Internal problem ID [10896]
Book: Handbook of exact solutions for ordinary differential equations. By Polyanin and Zaitsev.
Second edition
Section: Chapter 2, Second-Order Differential Equations. section 2.1.2-3 Equation of form
\((a x + b)y''+f(x)y'+g(x)y=0\)
Problem number: 62.
ODE order: 2.
ODE degree: 1.
CAS Maple gives this as type [[_Emden, _Fowler]]
\[ \boxed {x y^{\prime \prime }+a y^{\prime }+b y=0} \]
✓ Solution by Maple
Time used: 0.0 (sec). Leaf size: 47
dsolve(x*diff(y(x),x$2)+a*diff(y(x),x)+b*y(x)=0,y(x), singsol=all)
\[ y = c_{1} x^{\frac {1}{2}-\frac {a}{2}} \operatorname {BesselJ}\left (a -1, 2 \sqrt {b}\, \sqrt {x}\right )+c_{2} x^{\frac {1}{2}-\frac {a}{2}} \operatorname {BesselY}\left (a -1, 2 \sqrt {b}\, \sqrt {x}\right ) \]
✓ Solution by Mathematica
Time used: 0.111 (sec). Leaf size: 77
DSolve[x*y''[x]+a*y'[x]+b*y[x]==0,y[x],x,IncludeSingularSolutions -> True]

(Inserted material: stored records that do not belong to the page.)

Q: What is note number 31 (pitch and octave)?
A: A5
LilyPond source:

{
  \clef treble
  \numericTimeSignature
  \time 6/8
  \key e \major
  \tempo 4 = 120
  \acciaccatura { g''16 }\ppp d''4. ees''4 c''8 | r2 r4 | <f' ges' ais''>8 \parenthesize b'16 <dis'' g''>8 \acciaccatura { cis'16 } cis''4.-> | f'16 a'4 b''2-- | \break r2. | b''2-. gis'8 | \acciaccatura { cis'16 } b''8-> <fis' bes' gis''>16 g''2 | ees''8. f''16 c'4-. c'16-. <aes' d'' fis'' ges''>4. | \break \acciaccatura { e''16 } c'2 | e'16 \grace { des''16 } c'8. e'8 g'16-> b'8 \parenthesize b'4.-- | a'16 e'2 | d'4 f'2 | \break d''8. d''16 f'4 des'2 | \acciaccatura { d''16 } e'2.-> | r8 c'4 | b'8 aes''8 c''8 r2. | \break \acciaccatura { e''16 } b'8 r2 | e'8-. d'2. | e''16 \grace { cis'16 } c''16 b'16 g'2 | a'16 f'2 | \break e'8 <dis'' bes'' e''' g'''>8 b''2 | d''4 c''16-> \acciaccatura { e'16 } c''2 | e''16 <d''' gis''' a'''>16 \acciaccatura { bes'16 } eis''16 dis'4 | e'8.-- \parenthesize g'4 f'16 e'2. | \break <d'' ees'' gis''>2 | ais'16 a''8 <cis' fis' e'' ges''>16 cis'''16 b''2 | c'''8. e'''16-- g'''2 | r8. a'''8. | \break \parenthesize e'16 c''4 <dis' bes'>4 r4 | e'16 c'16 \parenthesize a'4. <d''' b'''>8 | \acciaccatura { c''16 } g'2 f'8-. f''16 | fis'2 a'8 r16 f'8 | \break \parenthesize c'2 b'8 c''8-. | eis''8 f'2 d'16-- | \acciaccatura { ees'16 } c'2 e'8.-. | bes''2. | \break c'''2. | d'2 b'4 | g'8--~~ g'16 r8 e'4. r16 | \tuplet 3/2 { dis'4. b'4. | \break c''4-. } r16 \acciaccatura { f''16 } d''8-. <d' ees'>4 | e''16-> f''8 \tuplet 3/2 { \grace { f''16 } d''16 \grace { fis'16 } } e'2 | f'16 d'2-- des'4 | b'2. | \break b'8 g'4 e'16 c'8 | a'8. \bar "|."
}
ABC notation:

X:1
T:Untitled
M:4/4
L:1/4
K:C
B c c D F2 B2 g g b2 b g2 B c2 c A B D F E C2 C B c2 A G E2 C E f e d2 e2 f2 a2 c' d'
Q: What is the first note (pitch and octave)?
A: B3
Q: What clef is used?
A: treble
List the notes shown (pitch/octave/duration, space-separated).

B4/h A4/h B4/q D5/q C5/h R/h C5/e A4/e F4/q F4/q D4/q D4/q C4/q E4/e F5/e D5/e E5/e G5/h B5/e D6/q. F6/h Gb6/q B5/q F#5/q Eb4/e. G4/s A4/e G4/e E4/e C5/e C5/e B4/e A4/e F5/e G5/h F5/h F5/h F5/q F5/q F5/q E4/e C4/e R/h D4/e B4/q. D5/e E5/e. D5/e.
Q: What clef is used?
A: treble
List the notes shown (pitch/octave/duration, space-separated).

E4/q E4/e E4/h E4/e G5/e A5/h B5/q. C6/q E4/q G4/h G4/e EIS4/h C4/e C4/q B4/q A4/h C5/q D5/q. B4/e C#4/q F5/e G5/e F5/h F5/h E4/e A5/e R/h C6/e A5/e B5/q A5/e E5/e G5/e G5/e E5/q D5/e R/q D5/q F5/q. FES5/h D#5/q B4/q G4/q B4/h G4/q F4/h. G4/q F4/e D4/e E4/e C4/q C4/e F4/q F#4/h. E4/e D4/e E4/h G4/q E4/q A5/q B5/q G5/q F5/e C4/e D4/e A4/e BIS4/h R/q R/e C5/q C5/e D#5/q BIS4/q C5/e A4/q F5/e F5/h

\[ y(x)\to b^{\frac {1}{2}-\frac {a}{2}} x^{\frac {1}{2}-\frac {a}{2}} \left (c_2 \operatorname {Gamma}(2-a) \operatorname {BesselJ}\left (1-a,2 \sqrt {b} \sqrt {x}\right )+c_1 \operatorname {Gamma}(a) \operatorname {BesselJ}\left (a-1,2 \sqrt {b} \sqrt {x}\right )\right ) \]